Wir Kinder des Spätkapitalismus kennen das doch alle: Man will immer genau das ganz besonders gerne haben, was man nicht haben kann, nicht haben darf. Es beginnt mit dem Schäufelchen des anderen Kindes im Sandkasten und endet bei manchen im extremsten Fall noch immer nicht mit dem Territorium des benachbarten Landes. Ich will! Ich will! Ich will!

Mit dem Schäufelchen fing alles an. | Foto: Zabavna via Getty Images

Der Reiz des Verbotenen ist natürlich kein neues Phänomen, sondern zutiefst menschlich. Denken Sie nur an Adam und Eva und die Frucht des Baumes, von dem sie nicht essen durften. Was den biblischen Urmenschen die verbotene Frucht, ist dem modernen Malocher die Tafel Schokolade, das Glas Rotwein oder die extradicke Scheibe der Salami. Insbesondere in der Passionszeit, der Fastenzeit vor Ostern, ist die Versuchung wieder ein beliebtes Motiv für sonntägliche Predigten oder feuilletonistische Abhandlungen. Selig ist, wer widersteht.

Aber auch in der aktuellen politischen Debatte taucht der Reiz des Verbotenen dieser Tage wieder als Argument auf. Passen Sie auf, es wird holprig:

Warum sollte man etwas verbieten, das viele Menschen doch begehren? Es schmeckt ihnen. Es bewirkt etwas bei ihnen. Es tut ihnen sogar gut, meinen die Befürworter. Okay, für die Jüngsten in unserer Gesellschaft ist es vielleicht nicht so ideal. Vielleicht schädigt es die Nerven, macht sie zumindest unaufmerksam. Auch die Langzeitfolgen sind nicht zu unterschätzen.
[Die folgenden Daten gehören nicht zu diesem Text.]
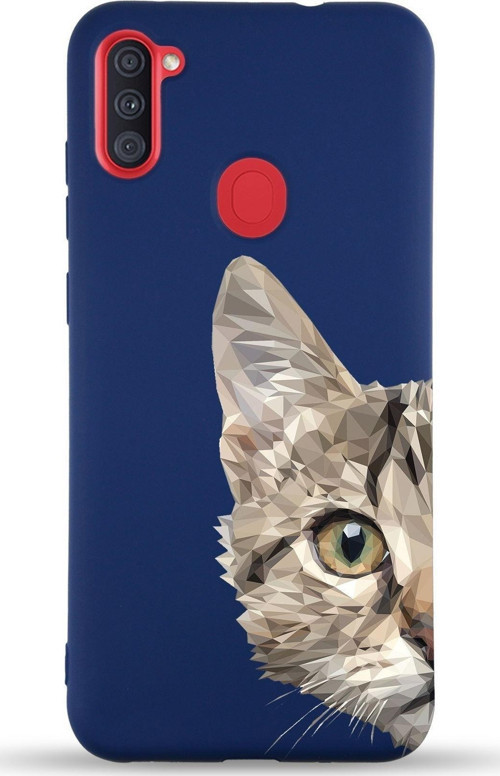 Samsung Galaxy M11 Uyumlu Lansman Kılıf Catface Tasarımlı Içi Kadife Kapak-Lacivert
Doch würde man es ihnen verbieten, so die Kernargumentation, so würden die jungen Leute es doch nur noch mehr begehren, es sich illegal unter der Ladentheke beschaffen und dann heimlich im Zwielichtigen konsumieren. Gebt es also lieber frei! Und setzt darauf, dass die Eltern ihren Kindern schon vermitteln, wo die Grenzen zum Schädlichen liegen. Das meint zumindest, Achtung: die CDU/CSU-Bundestagsfraktion.

Was? Ausgerechnet die Union ist für den uneingeschränkten Verkauf sogar an Minderjährige? Ja! Zumindest dann, wenn es um Energy-Drinks geht. Woran dachten Sie denn? Etwa an Joints? Was haben Sie denn geraucht?!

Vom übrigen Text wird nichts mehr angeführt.